The hon. Member for South Shields spoke about the most vulnerable mothers who have had multiple children taken into care. As we know, that group includes a disproportionate number of care leavers. I draw the Committee’s attention to the Pause programme, which seeks to break the intergenerational cycle of care, which the hon. Member for Stretford and Urmston mentioned. Pause has been operating in Hackney for some time and has now been extended to six other local authority areas, with funding from my Department’s innovation programme.

Last month, the Secretary of State announced funding to roll out the Pause programme in a further nine areas, bringing Government funding support to more than £6.4 million in the next four years. The programme works intensively with young women to prevent repeat pregnancies and the subsequent removal of their children into care. The initial findings are extremely encouraging and, by extending the programme, we want to reach out to more parts of the country so that more mothers who find themselves in that situation get the support they need so that they can make good life choices and have a future that is not just about turning up at court once every few years to fight for custody of their own child.

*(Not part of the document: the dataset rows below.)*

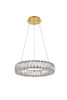 3503D17G Monroe Integrated LED chip light gold Pendant Clear Royal Cut Crystal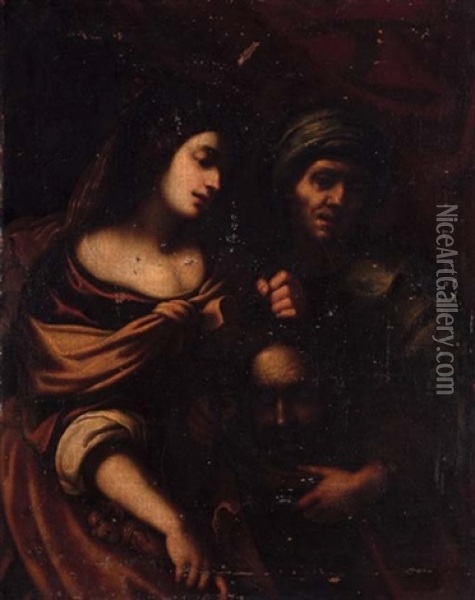 Judith With The Head Of Holofernes Oil Painting - Rutilio Manetti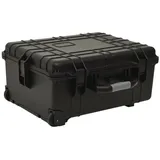 vidaXL Flugkoffer mit Rollen Schwarz 58x45x27 cm PP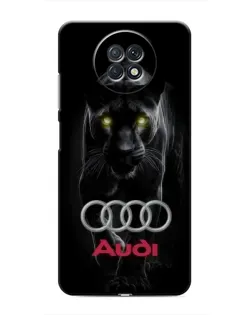 Чехол для Xiaomi Redmi Note 9T с картинкой «Пантера и Audi»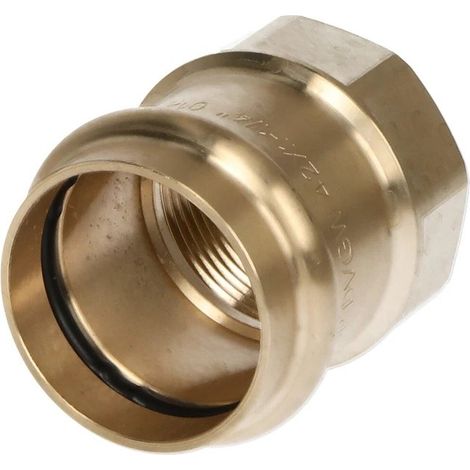 Raccord à sertir laiton rouge manchon de transition 42 mm x 1 1/4’’ FF contour V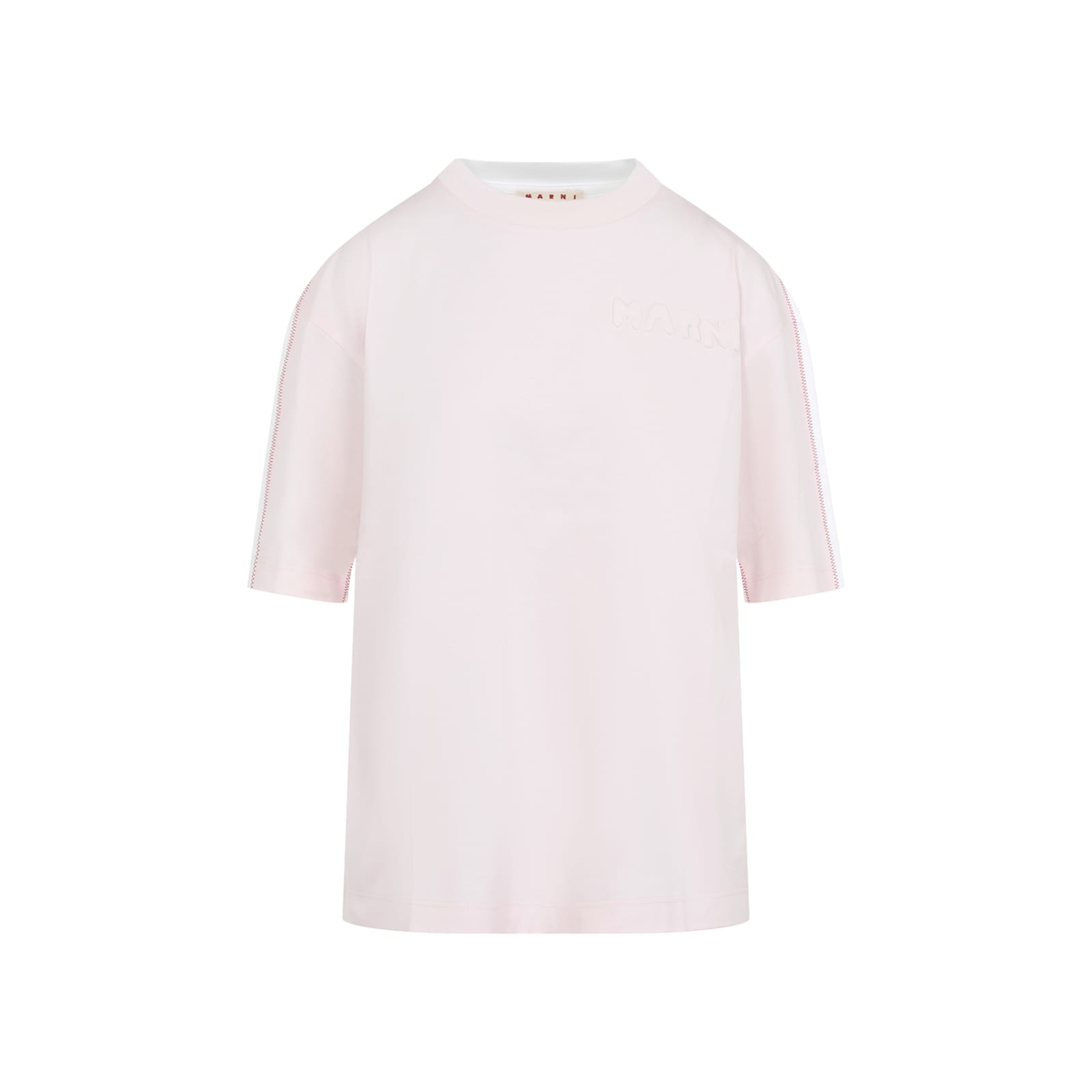 Shop Marni T-shirt In Light Pink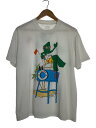 【中古】Tシャツ/WHT/無地【メンズウェア】(4)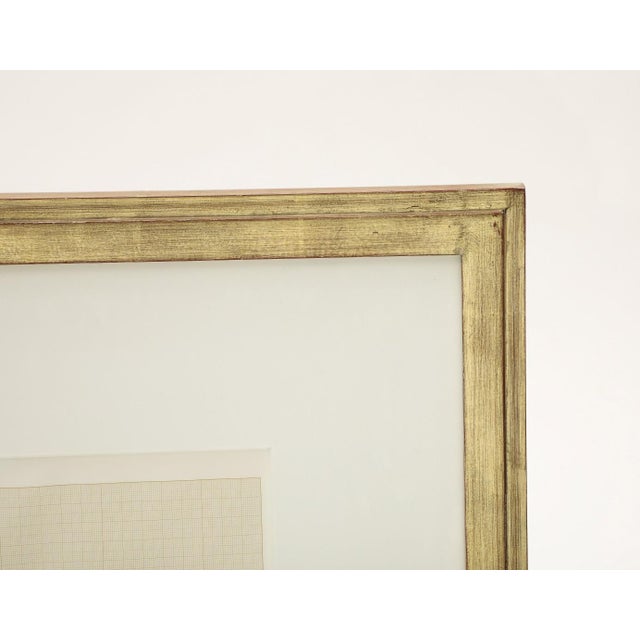 Tony Delap, B. 1927, California. Framed Goauche and Ink on Paper. Signed. For Sale - Image 4 of 7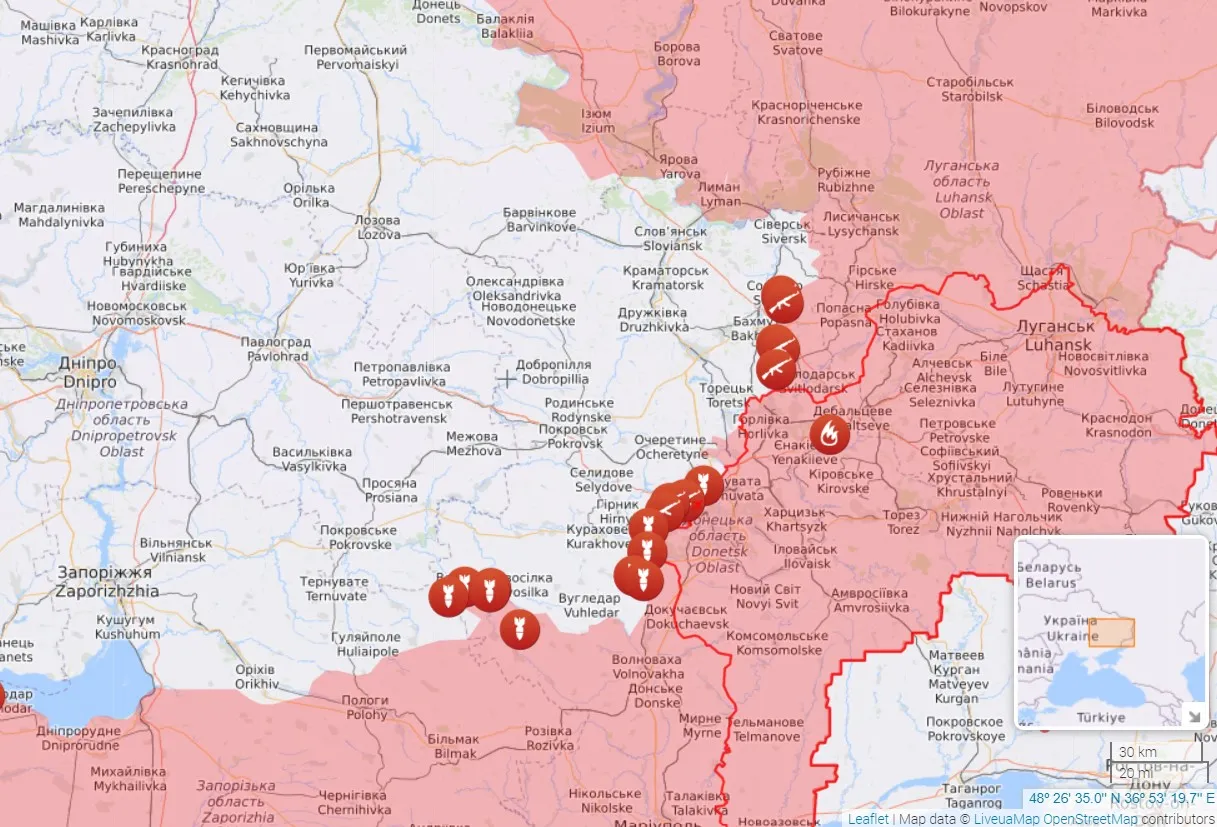 Яка обстановка на Донбасі Яка обстановка на Донбасі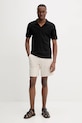 Marc O'Polo tricou polo din in 523209153026 negru SS25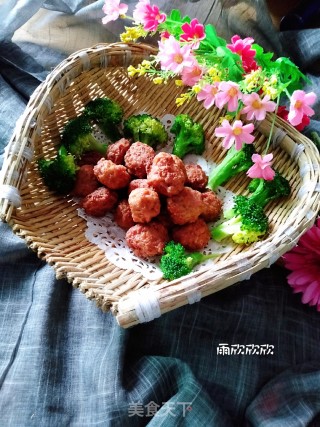 香酥莲藕丸的做法步骤：12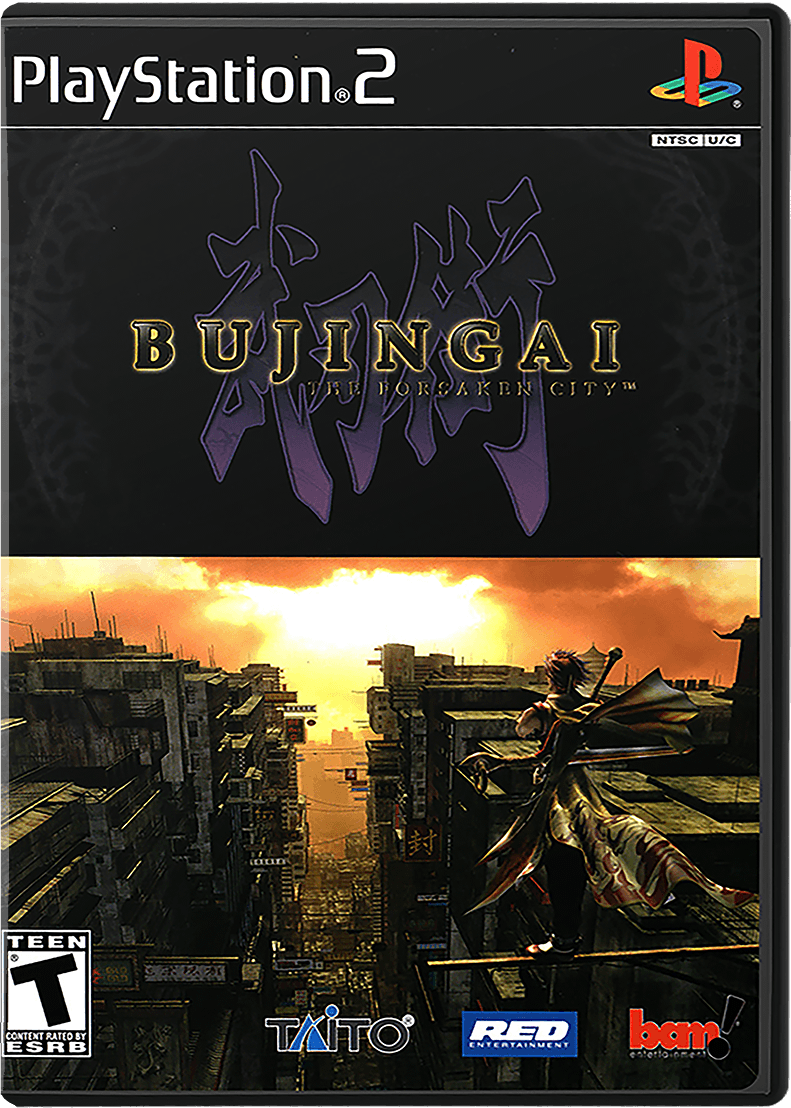 Bujingai The Forsaken City box art for Playstation 2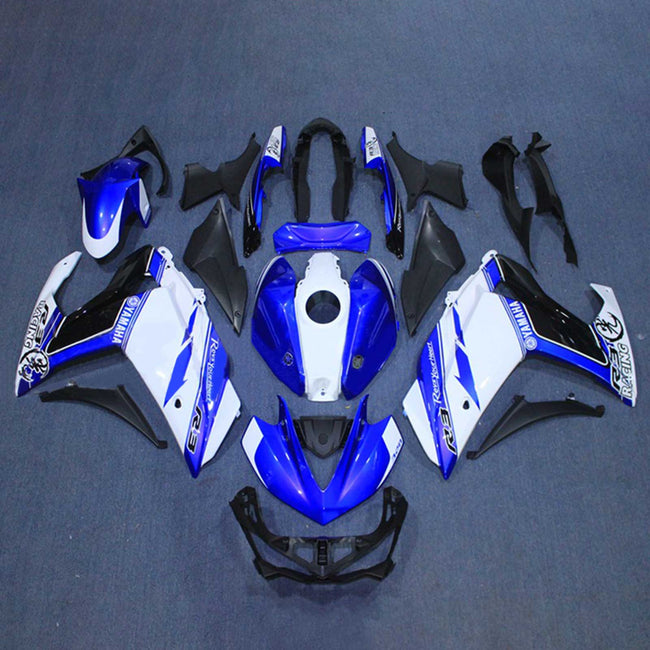 Kit de carénage AMOTOPART Yamaha 2014-2018 YZF R3 &amp; 2015-2017 YZF R25 Kit de carénage bleu mix blanc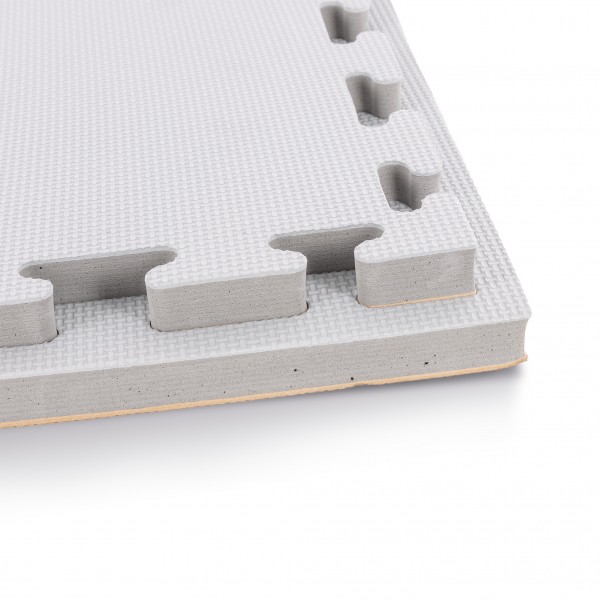 Δάπεδο Προστασίας Puzzle EVA 100x100x2 cm – Ξύλο / Γκρι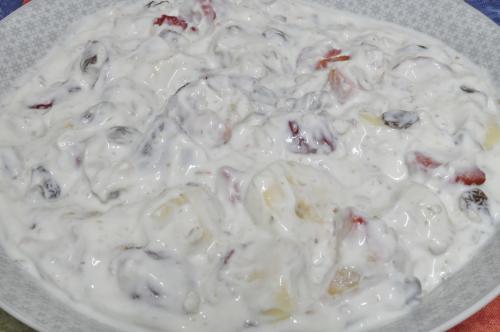 Jak uvařit snídaňový ovocný salát? Snadné recept, připravený za Do 30 minut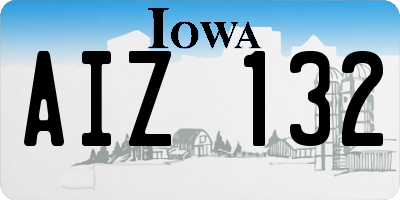 IA license plate AIZ132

Notwithstanding the good work being done through the Pause programme, does the Minister accept that the work is rather piecemeal? It is not happening in every local authority. As I said earlier, we should be offering such services to everyone across the board, not just to some people who live in certain local authority areas. What happens when this innovation money runs out? Do we just go back to where we were?

I will answer that question in two parts. First, interested parties always ask for evidence when we try something new. Before we roll out a programme nationally, we want to be able to demonstrate that it will be effective in tackling the issue that it was set up to try to resolve.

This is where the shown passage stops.